Fort Worth ISD is saddened at the passing of Paschal High School alumnus and Wall of Fame recipient, Capt. Alan Bean, the fourth human to walk on the moon.alanbean1

Capt. Bean died Saturday, May 26, in Houston. He was 86. According to an obituary released on the Bean family’s behalf by NASA, Capt. Bean died two weeks after suddenly becoming ill while traveling in Indiana.

“Alan was the strongest and kindest man I ever knew. He was the love of my life and I miss him dearly,” his wife, Leslie, said in the NASA obituary. “A native Texan, Alan died peacefully in Houston surrounded by those who loved him.”

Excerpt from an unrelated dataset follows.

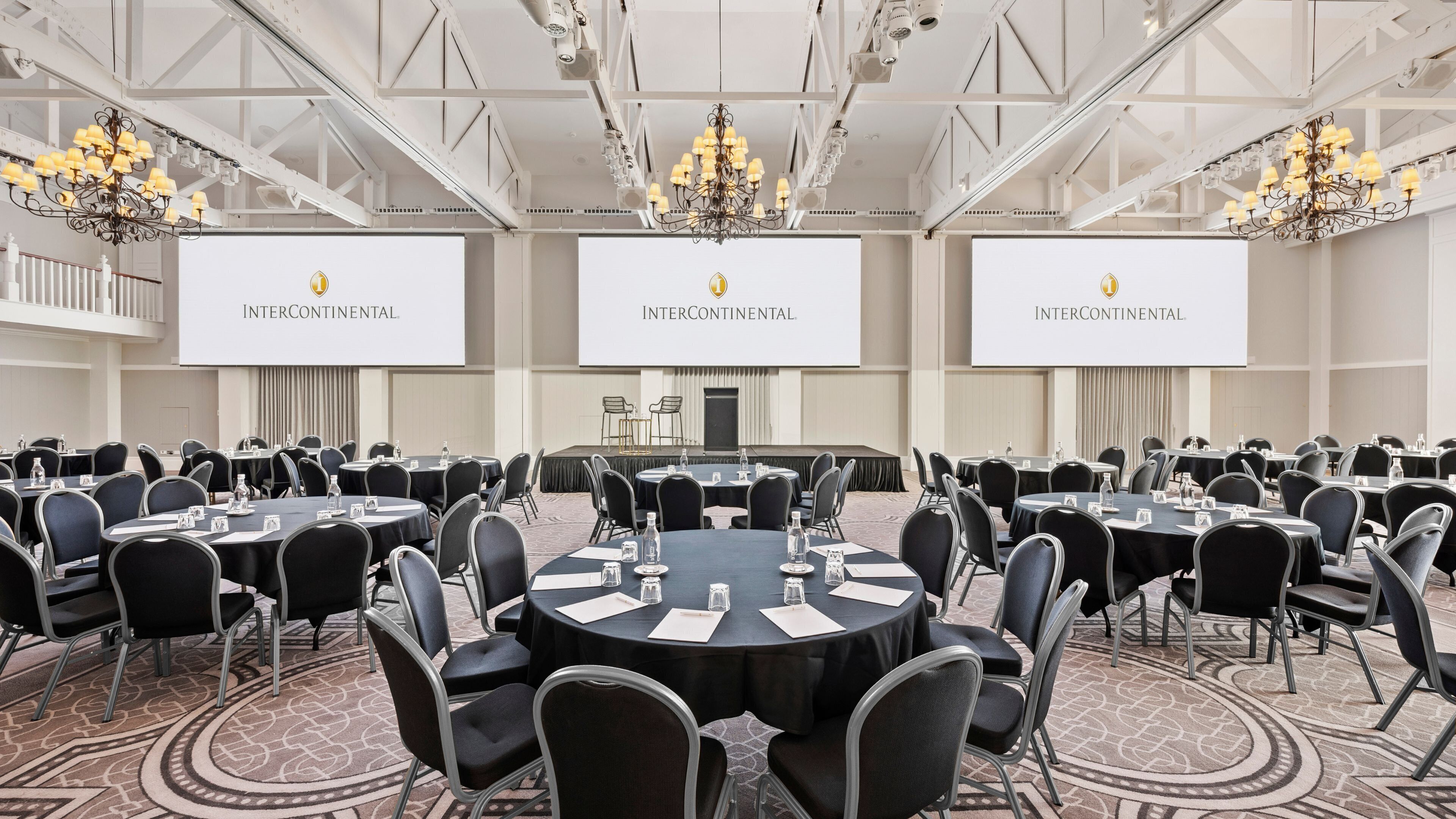 A conference room with multiple tables and chairs, large screens displaying the InterContinental logo, and chandeliers.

Capt. Bean was born March 15, 1932, in Wheeler in the Texas Panhandle. His father’s job as a scientist with the U.S. Department of Agriculture brought the family to Fort Worth, he wrote on his website. Capt. Bean is a 1950 graduate of R.L. Paschal High School and is among one of the first people recognized as a Wall of Fame honoree, which celebrates successful FWISD students. 

Following his graduation from Paschal, he enrolled at the University of Texas where he obtained a bachelor’s degree in aeronautical engineering. He attended Navy Test Pilot School and was among 14 trainees from the U.S. Navy selected in 1963 by NASA to become one of its third group of astronauts.

The Apollo and Skylab astronaut traveled to space twice. In November 1969, he was a lunar module pilot on Apollo 12, the country’s second moon landing mission. In July 1973, he was a commander aboard the U.S. second crew flight traveling to Skylab, the first U.S. space station.   

A Star-Telegram obituary states that Capt. Bean “carried pennants and mementos from Paschal High School into space as the lunar module pilot on Apollo 12.”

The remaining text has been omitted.